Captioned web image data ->
☆ ☆ ☆
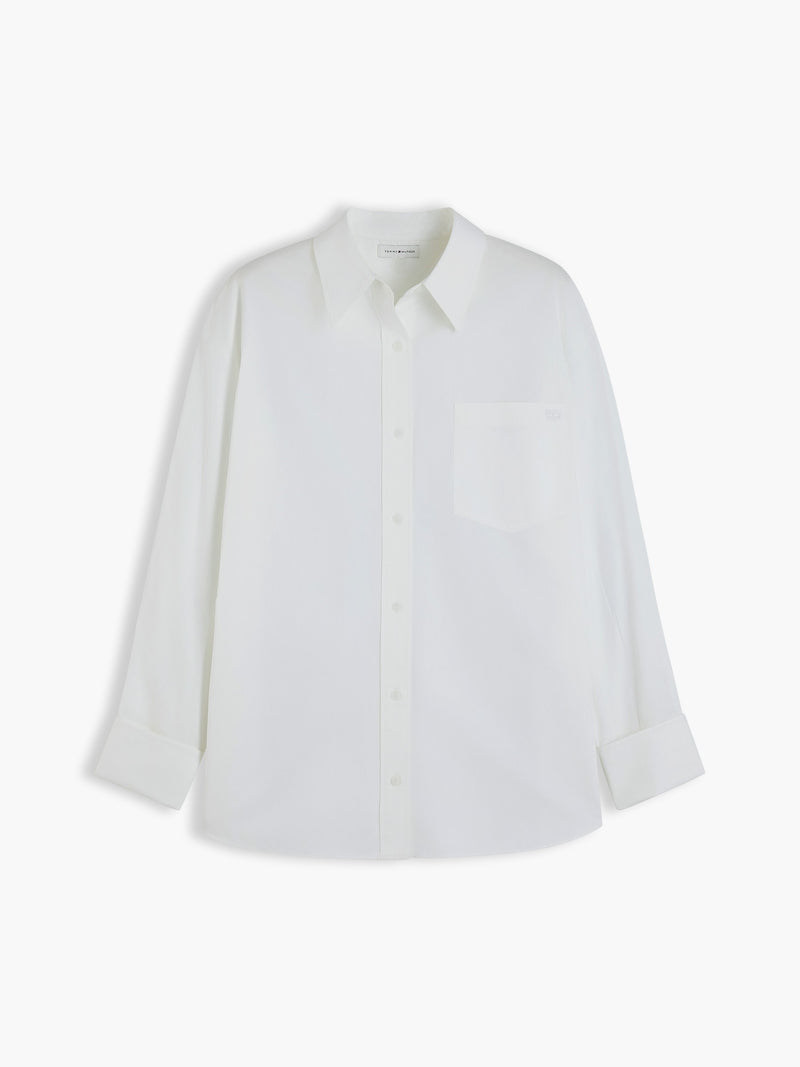 Relaxed Solid Shirt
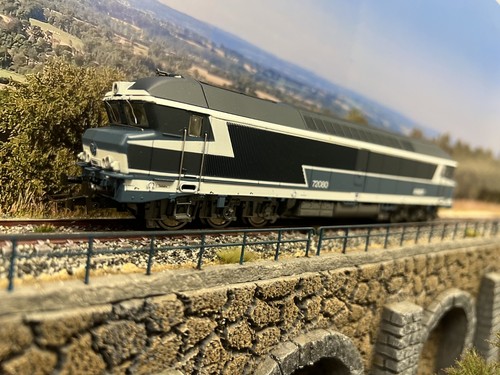 Superbe locomotive 72080 - locomotive,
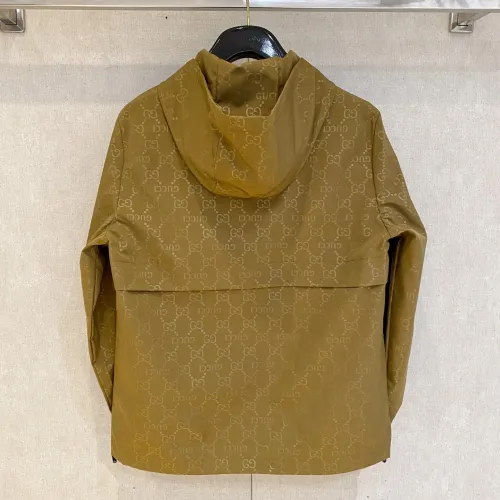 Replica Gucci Jackets Long Sleeved For Men #1419217 $100.00 USD for Wholesale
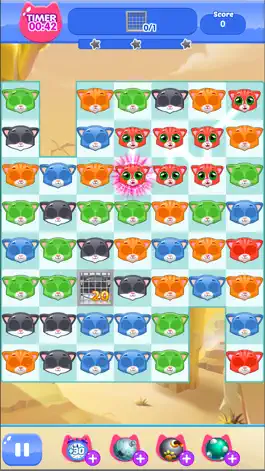 Game screenshot Cat Puzzle : Link and Connect mod apk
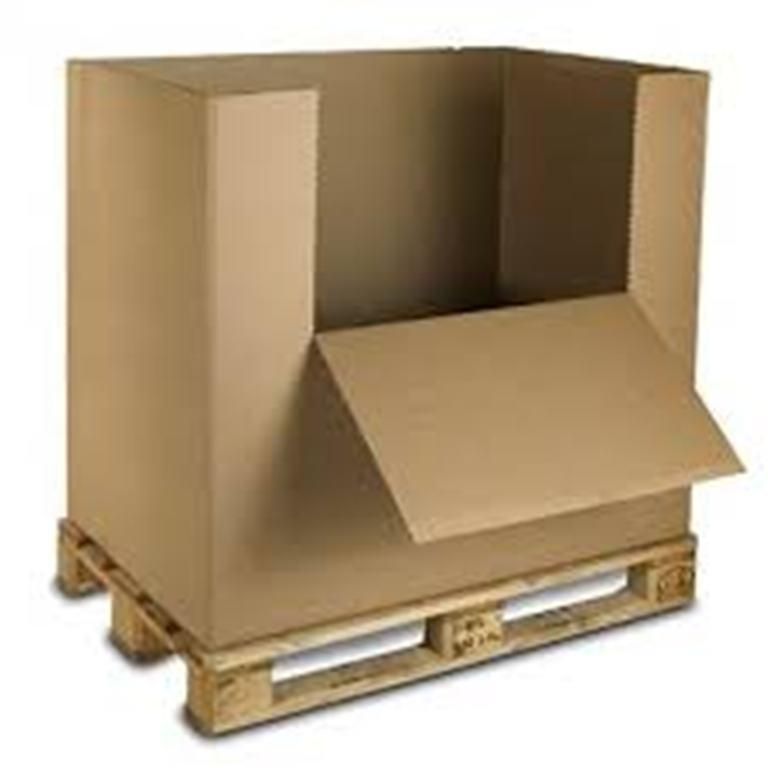 cajas industriales con aberturas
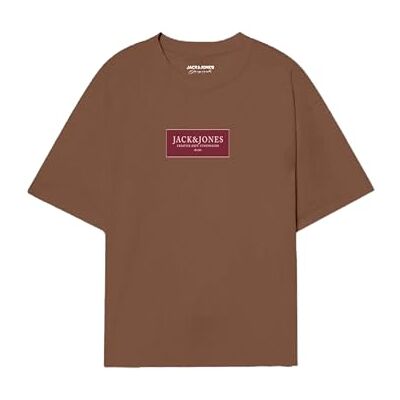 JACK & JONES Jorgreene Tee Ss Crew Neck FST, Arganolja, M JACK & JONES Jorgreene Tee Ss Crew Neck FST, Arganolja, M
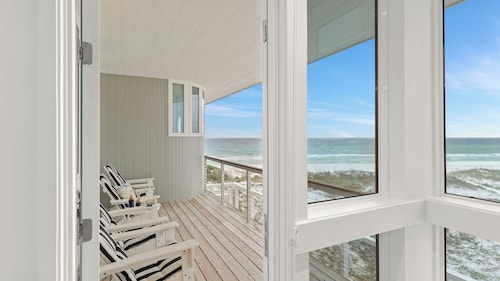 Matarangi by Avantstay Gulf-front Dune Allen Retreat Private Pool + Golf Cart Near Gulf Place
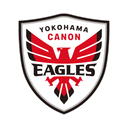 横浜キヤノンイーグルスのロゴ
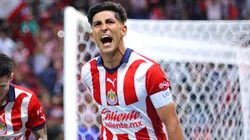 Pocho Guzmán volvió a convertir en la victoria de Chivas Guadalajara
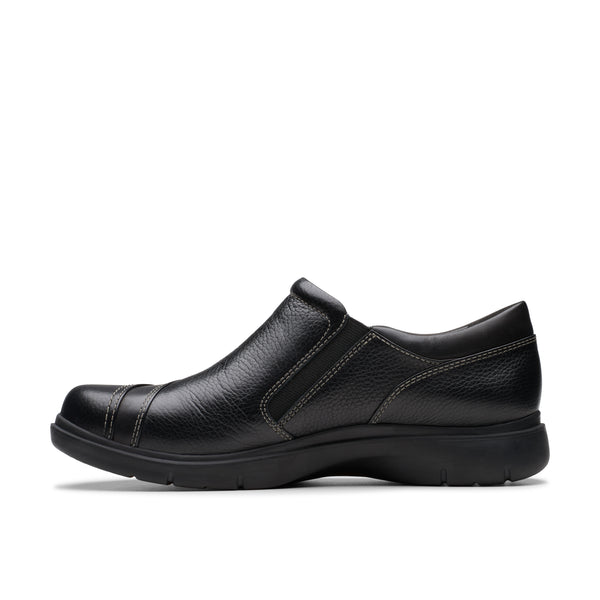 Clarks Certina (Black) - Women's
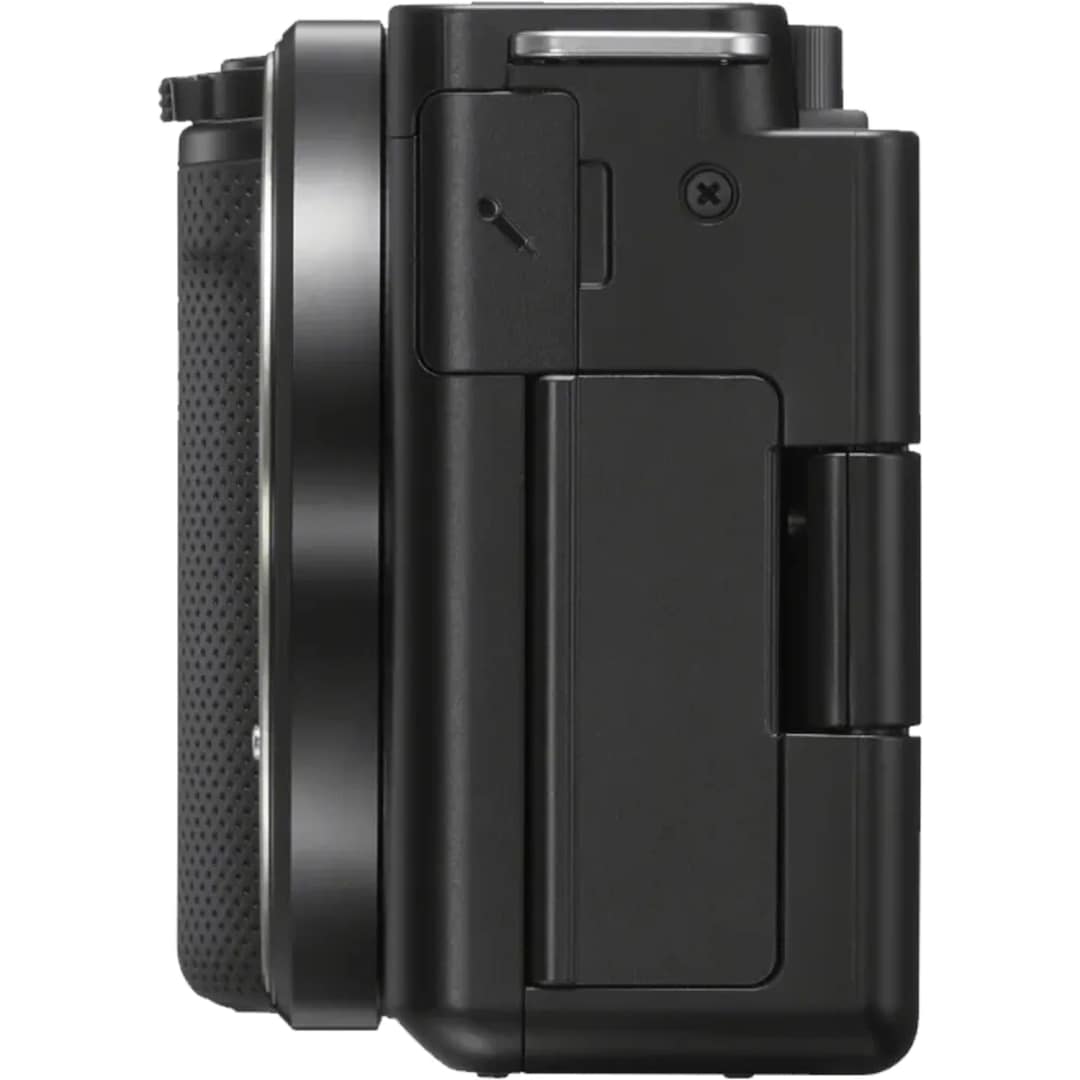 Фотоаппарат со сменной оптикой Sony Alpha ZV-E10 Kit 16-50mm Black — фото 9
☆ ☆ ☆
DESCRIPTION OF THE TASK -> Nothing but the lines from the start of the records through the line holding "Arganolja, M JACK" should be printed, exactly as written and with the pictures left out.

ANSWER TO THIS TASK ->
 Relaxed Solid Shirt
 Superbe locomotive 72080 - locomotive,
 Replica Gucci Jackets Long Sleeved For Men #1419217 $100.00 USD for Wholesale
 Game screenshot Cat Puzzle : Link and Connect mod apk
 cajas industriales con aberturas
 JACK & JONES Jorgreene Tee Ss Crew Neck FST, Arganolja, M JACK & JONES Jorgreene Tee Ss Crew Neck FST, Arganolja, M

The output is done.